# [MATERIAL TO PROCESS]
== Segment start ==

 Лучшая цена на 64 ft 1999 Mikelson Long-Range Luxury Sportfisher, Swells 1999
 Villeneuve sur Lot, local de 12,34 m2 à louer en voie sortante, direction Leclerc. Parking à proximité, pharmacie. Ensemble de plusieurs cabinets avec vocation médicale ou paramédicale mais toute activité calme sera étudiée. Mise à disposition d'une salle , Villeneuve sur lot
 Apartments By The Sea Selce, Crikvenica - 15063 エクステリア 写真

== Segment end ==
== Segment start ==

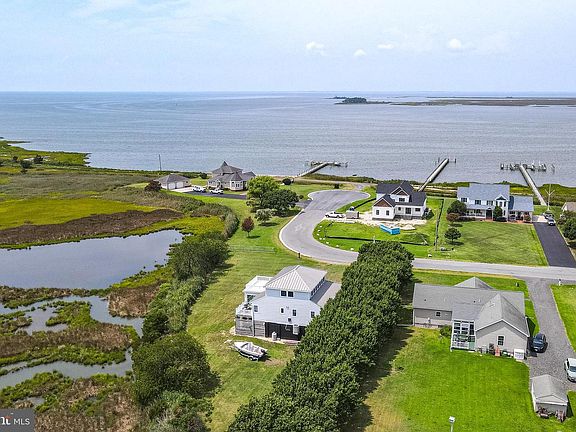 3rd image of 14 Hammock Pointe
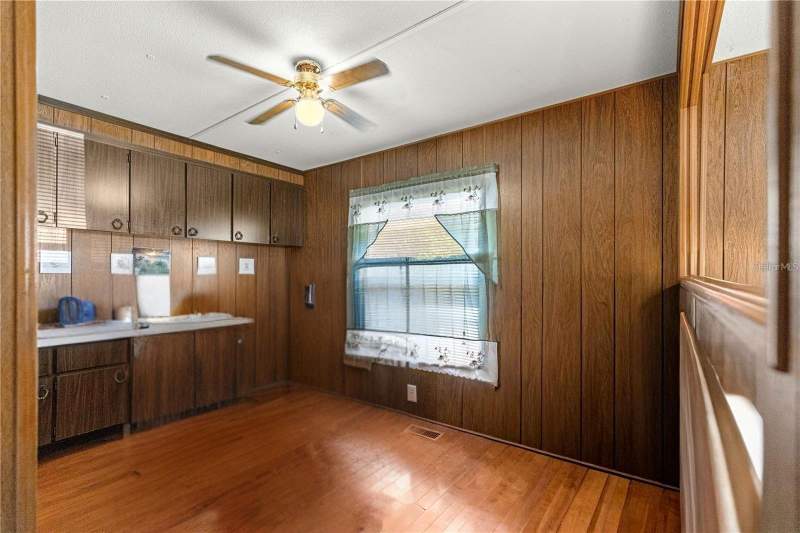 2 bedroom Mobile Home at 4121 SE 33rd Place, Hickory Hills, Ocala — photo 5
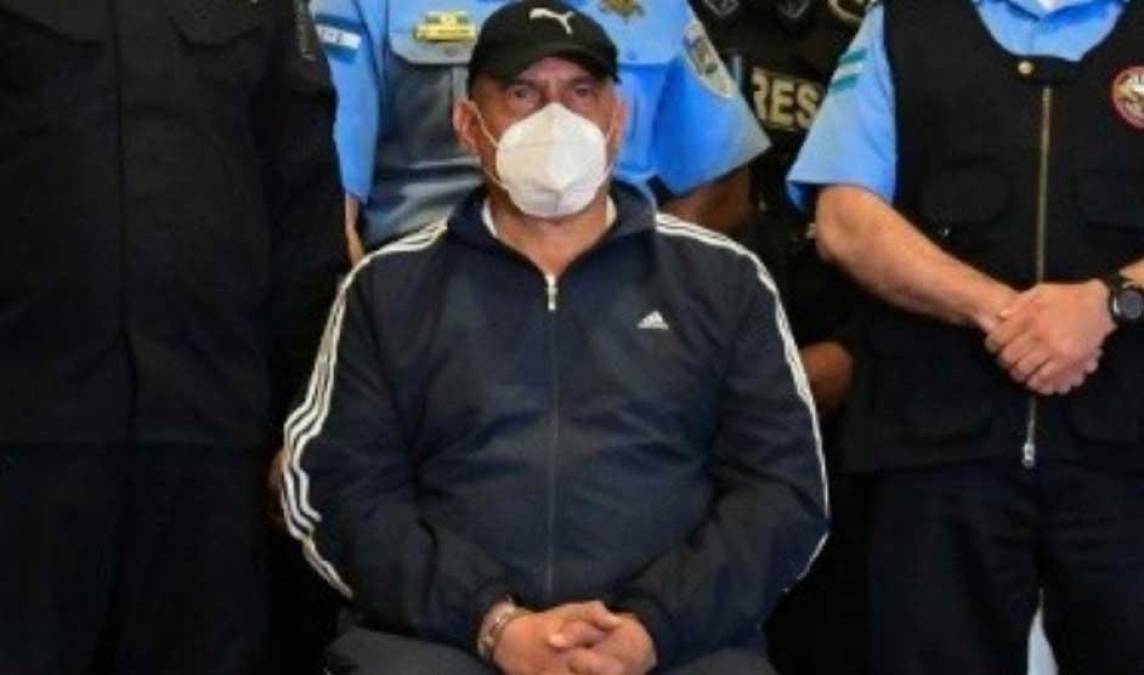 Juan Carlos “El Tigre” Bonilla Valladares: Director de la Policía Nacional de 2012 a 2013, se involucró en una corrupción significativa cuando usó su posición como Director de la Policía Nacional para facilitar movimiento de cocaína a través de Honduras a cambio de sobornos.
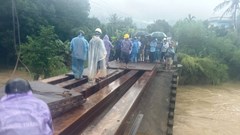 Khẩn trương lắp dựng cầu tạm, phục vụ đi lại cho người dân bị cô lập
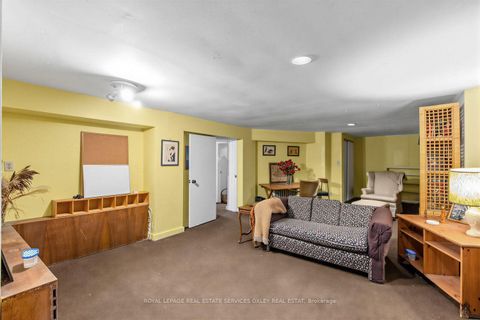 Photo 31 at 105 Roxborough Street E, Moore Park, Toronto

== Segment end ==
== Segment start ==

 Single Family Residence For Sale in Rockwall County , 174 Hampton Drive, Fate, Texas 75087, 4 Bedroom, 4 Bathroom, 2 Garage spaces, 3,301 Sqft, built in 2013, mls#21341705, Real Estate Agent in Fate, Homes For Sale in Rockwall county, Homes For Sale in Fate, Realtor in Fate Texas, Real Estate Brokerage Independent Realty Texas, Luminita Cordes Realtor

== Segment end ==

# [TASK REQUIREMENTS]
The required output is the stretch of entries above from the line containing "Лучшая цена на" through the line containing "Apartments By The", reproduced exactly.

# [SOLUTION TO THIS TASK]
 Лучшая цена на 64 ft 1999 Mikelson Long-Range Luxury Sportfisher, Swells 1999
 Villeneuve sur Lot, local de 12,34 m2 à louer en voie sortante, direction Leclerc. Parking à proximité, pharmacie. Ensemble de plusieurs cabinets avec vocation médicale ou paramédicale mais toute activité calme sera étudiée. Mise à disposition d'une salle , Villeneuve sur lot
 Apartments By The Sea Selce, Crikvenica - 15063 エクステリア 写真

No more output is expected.